Fredman Posted November 7, 2002 Posted November 7, 2002 some questions: why do you want to use ages? what happens next year when the 35 year old turns 36? will they want a boost from 8% to 20%? If you set it up like this, i think that you're setting yourself up to amend the plan each year to juggle the ages/percentages.
Guest PLHart Posted November 7, 2002 Posted November 7, 2002 Why don't you create allocation groups for the Doctors by name?

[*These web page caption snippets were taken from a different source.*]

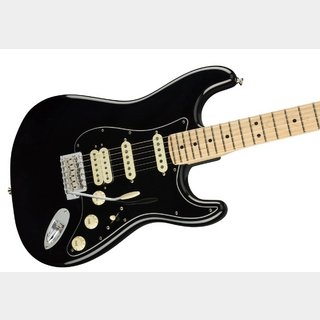 Fender American Performer Stratocaster HSS Maple Fingerboard Black フェンダー【福岡パルコ店】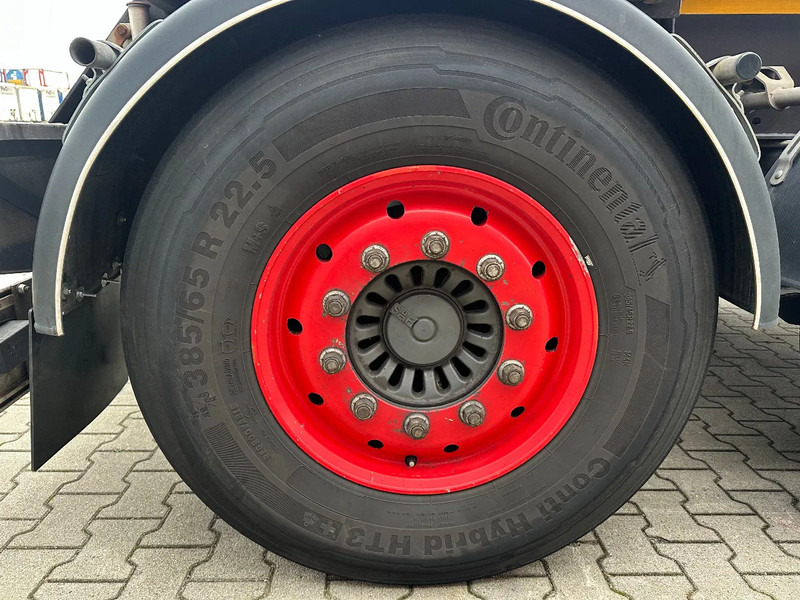 Лизинг на Burg 20FT ADR (EX/II, EX/III, FL, AT) Chassis, Empty weight : 3.690kg, SAF INTRADISC, 2x Liftaxle, NL-chassis Burg 20FT ADR (EX/II, EX/III, FL, AT) Chassis, Empty weight : 3.690kg, SAF INTRADISC, 2x Liftaxle, NL-chassis: слика 12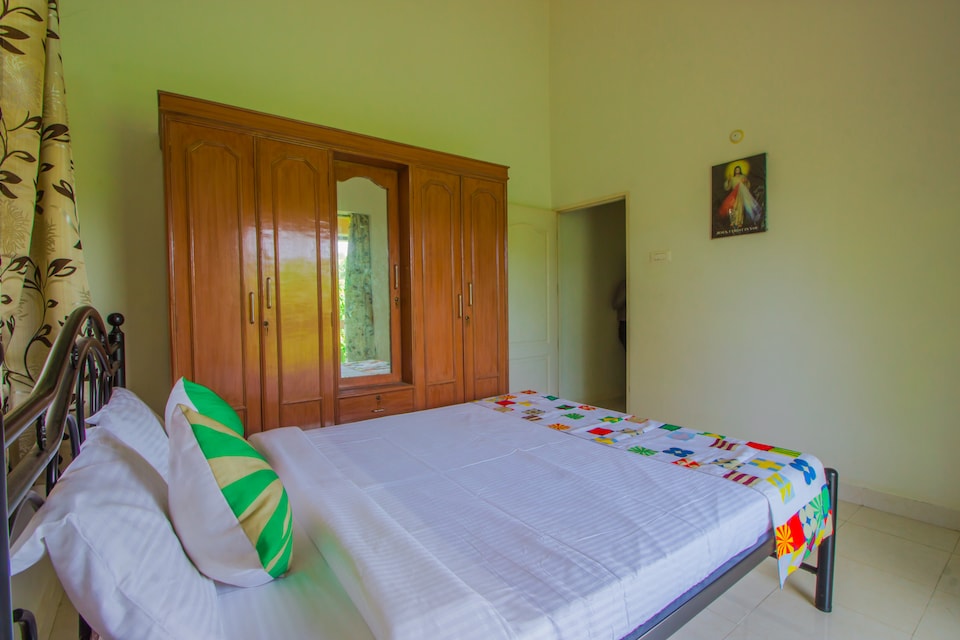 OYO 14677 Home Serene 2BHK Benaulim Beach, Colva Goa, Goa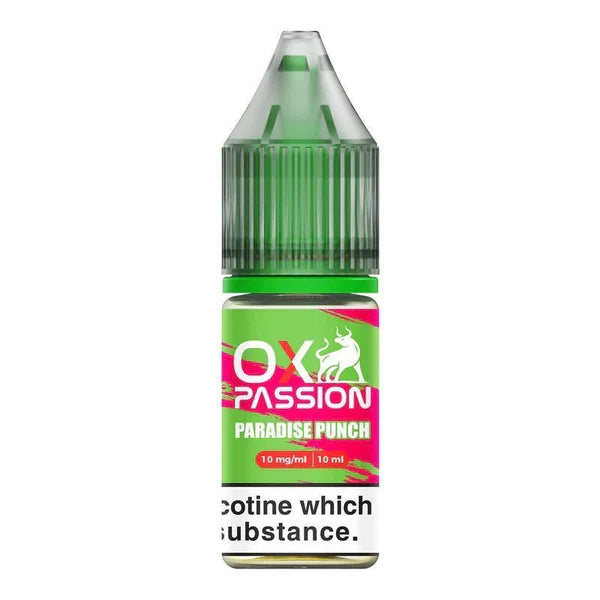 Oxva OX Passion Nic Salt 10ml E-liquids - Box of 10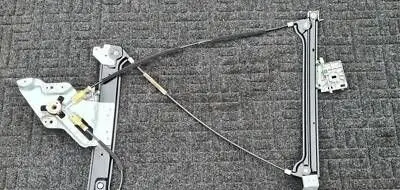 Saab 9-3 Ver2 Front door electric window regulator 12832852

perkinsran Posted November 8, 2002 Author Posted November 8, 2002 We are trying to get as much flexibility with physician discretion without running into IRS problems. We know all the Doc could contribute $40,000 if Docs were one group and everybody else was another group. However, Docs salaries range from $150-$400 K. Since the docs are owners and share prorata in the 8% they are doing for everyone else, some can't afford to do $40,000 for themselves. Therefor, we are trying to get as much flexibility without raising IRS issues/concerns. We first proposed breaking the Doc group into 5 year age brackets to give some flexibility. You still have the same issue with two Doc in those age brackets not wanting to do the same %. By ages, we are getting very close to a separate group for each Doctor and the Sal Tripodi ERISA Outline Book indicates "this may be a problem, but there is no offical word from the IRS." If we break it into individual ages, I don't think we will have to amend the plan yearly because the % are determined at year end and are discretionary.
Guest merlin Posted November 8, 2002 Posted November 8, 2002 You can't get much more flexible than classifying them by name,as PLHart suggests.
perkinsran Posted November 8, 2002 Author Posted November 8, 2002 Has anyone ever broken it down to an individual level and gotten a letter from the Service?